Este 31 de julio se conmemora el Día del Periodista Salvadoreño. La fecha no es caprichosa: la fijó la Asamblea Legislativa en 1969, mediante el decreto 380, en honor a la aparición del primer periódico del país, el Semanario Político Mercantil de San Salvador, que circuló el 31 de julio de 1824 bajo la dirección del presbítero y doctor José Matías Delgado.
Doscientos dos años después, la efeméride dista de ser una jornada de festejos oficiales o de homenajes protocolarios. El oficio periodístico atraviesa una de sus etapas más restrictivas de la era democrática reciente, en un contexto marcado por la concentración de autoridad, un régimen de excepción prolongado y una creciente hostilidad hacia el escrutinio público.
El periodismo frente al discurso oficial
El ejercicio periodístico independiente cumple una función elemental: fiscalizar el poder, documentar decisiones públicas y ofrecer contrapesos frente a las narrativas hegemónicas. Sin embargo, informes de la Asociación de Periodistas de El Salvador (APES) y de organismos internacionales de derechos humanos han registrado en los últimos años un incremento sostenido de las agresiones, los señalamientos desde tribunas gubernamentales, el acoso digital coordinado y las restricciones de acceso a la información pública.
El uso recurrente de etiquetas para deslegitimar las investigaciones sobre la gestión pública, sumado a la opacidad en el manejo de fondos estatales, condiciona gravemente el entorno informativo. Cuando el trabajo sobre finanzas, seguridad o institucionalidad es calificado sistemáticamente de conspiración o desinformación, el daño no recae solo en la redacción señalada: recae en el derecho de la ciudadanía a saber.
Los costos del control y la autocensura
Las garantías constitucionales y el marco legal para el libre ejercicio de la prensa se han visto erosionados por reformas legales y por dinámicas de vigilancia. Las consecuencias son tangibles:
Exilio forzado. Decenas de reporteros, editores e investigadores han tenido que abandonar el país para resguardar su libertad ante eventuales represalias legales o detenciones arbitrarias.
Acoso y estigmatización en redes. Las campañas dirigidas en entornos virtuales buscan desgastar moral y profesionalmente a quienes informan, con un impacto desproporcionado sobre las mujeres periodistas.
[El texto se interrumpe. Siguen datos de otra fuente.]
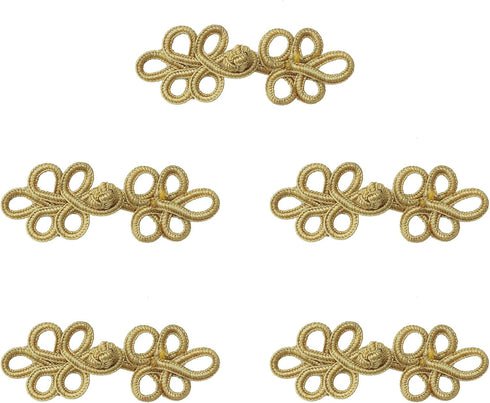 5 Pairs Chinese Knots Frog Buttons Closure Sewing Fasteners Polyester Vintage Closure for Sweater Cloak Coats Scarf Cardigan Costumes Outfit Craft...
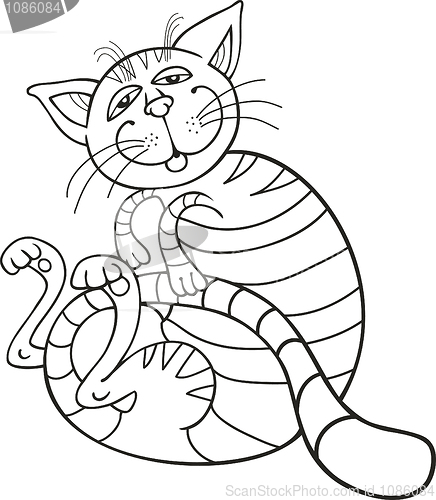 Image of Happy Cat for coloring book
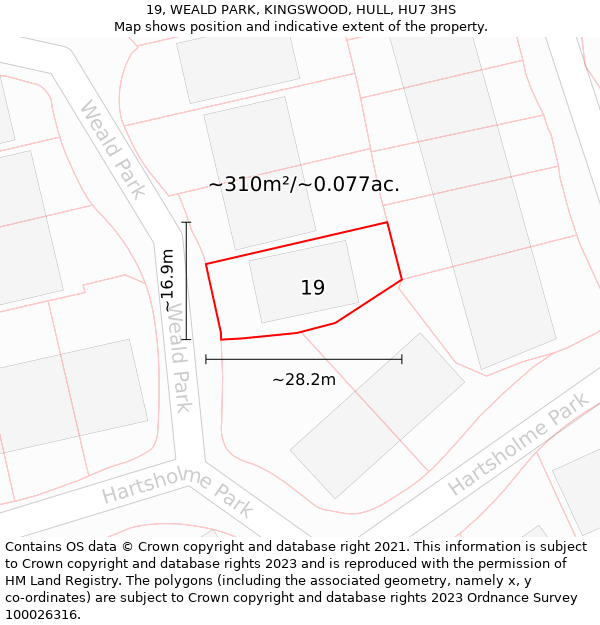 19, WEALD PARK, KINGSWOOD, HULL, HU7 3HS: Plot and title map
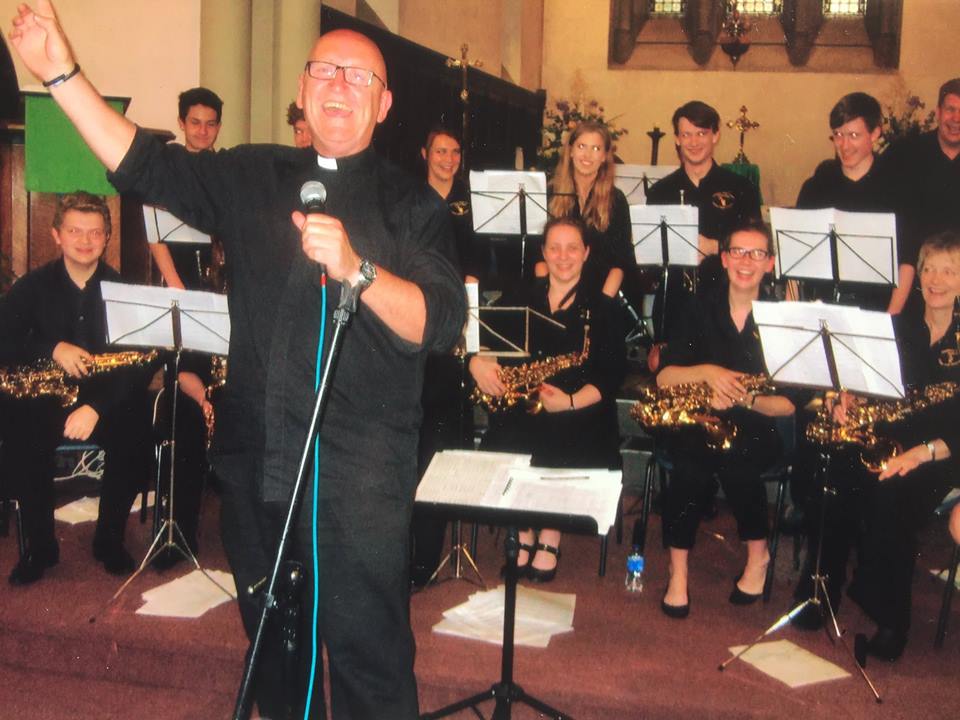 Revd Stephen Rochell singing as part of the Dewsbury Music Centre in Roberttown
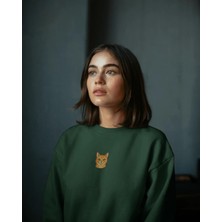 Tekir Kedi Baskılı Kadın Sweatshirt – Minimal Tasarım | Muhtar Store
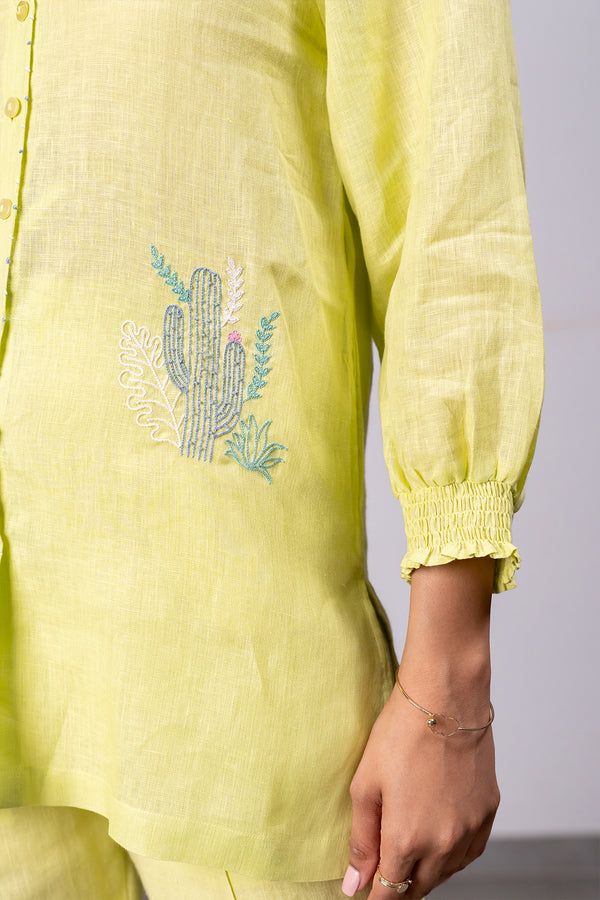 Carla Linen Bobbin Shirt with Pockets - Lime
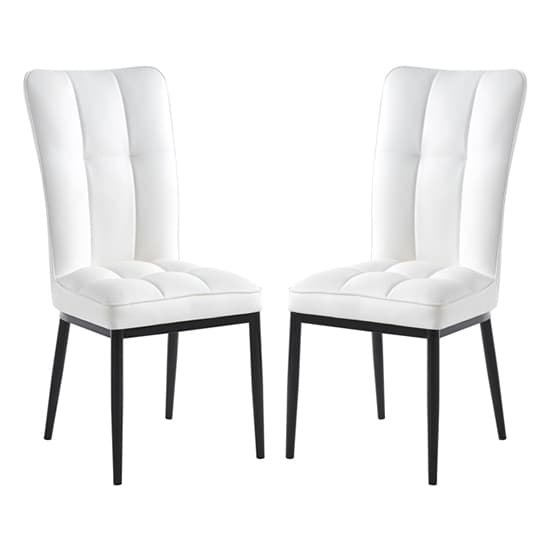 Tavira White Faux Leather Dining Chairs With Black Legs In Pair_1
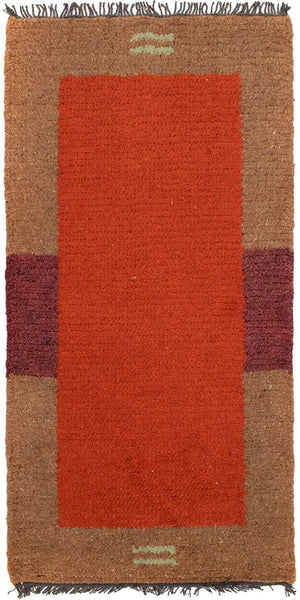 Tapis Népalais - 140 x 70 cm - rouge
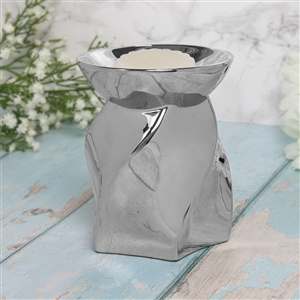 Ceramic Oil Burner / Wax Melter Twist Design - Silver 13cm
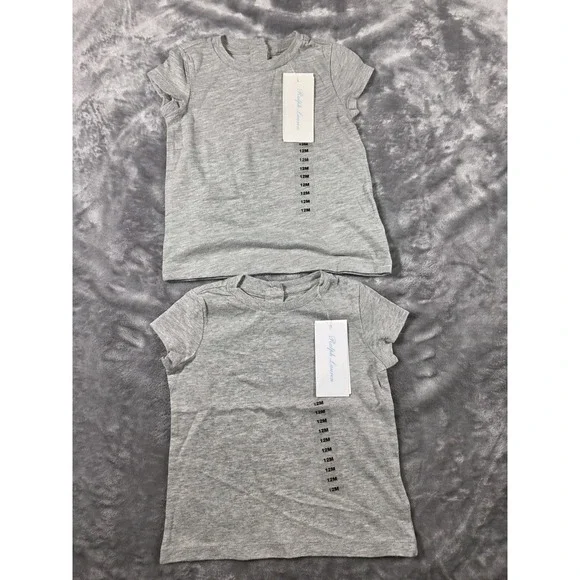 NWT Lot of 2 Ralph Lauren T-Shirt/ Gray/Baby 12‎ Months/ White Pony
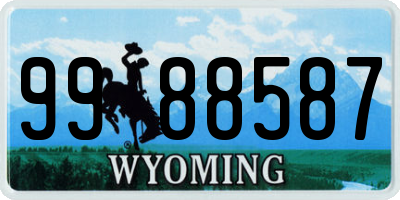 WY license plate 9988587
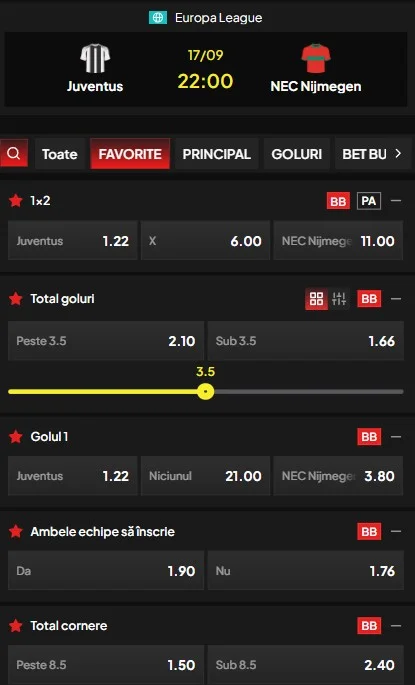 Cote pariuri Juventus vs Nijmegen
Bloqueo a la información pública. La reserva sistemática de datos oficiales y el desmantelamiento de los mecanismos de rendición de cuentas impiden contrastar la versión del poder.
El mayor riesgo de este ecosistema hostil no es la censura abierta, sino la autocensura: un fenómeno silencioso que vacía el debate público y le quita a la sociedad la capacidad de evaluar de manera informada las decisiones de quienes la gobiernan.
La vigencia del compromiso informativo
Pese a la presión institucional, la asfixia económica sobre los medios independientes y los riesgos personales, la prensa salvadoreña sigue realizando coberturas fundamentales sobre la realidad social, económica y política del país. Que el periodismo de investigación persista —incluso desde el exilio o mediante alianzas transfronterizas— demuestra que la búsqueda de la verdad trasciende las coyunturas y los gobiernos de turno.
La propia APES lo ha dicho con claridad en su campaña por esta fecha: no queremos felicitaciones, exigimos que se respete nuestra labor. Este 31 de julio, el reclamo de la prensa salvadoreña no es recibir saludos vacíos, sino el respeto pleno a las garantías constitucionales de libertad de expresión y de prensa.
Garantizar un ambiente seguro para el ejercicio del periodismo no es un privilegio gremial. Es una condición indispensable para la pervivencia de cualquier Estado de derecho.
Este texto expresa la posición editorial de Pluma Libre.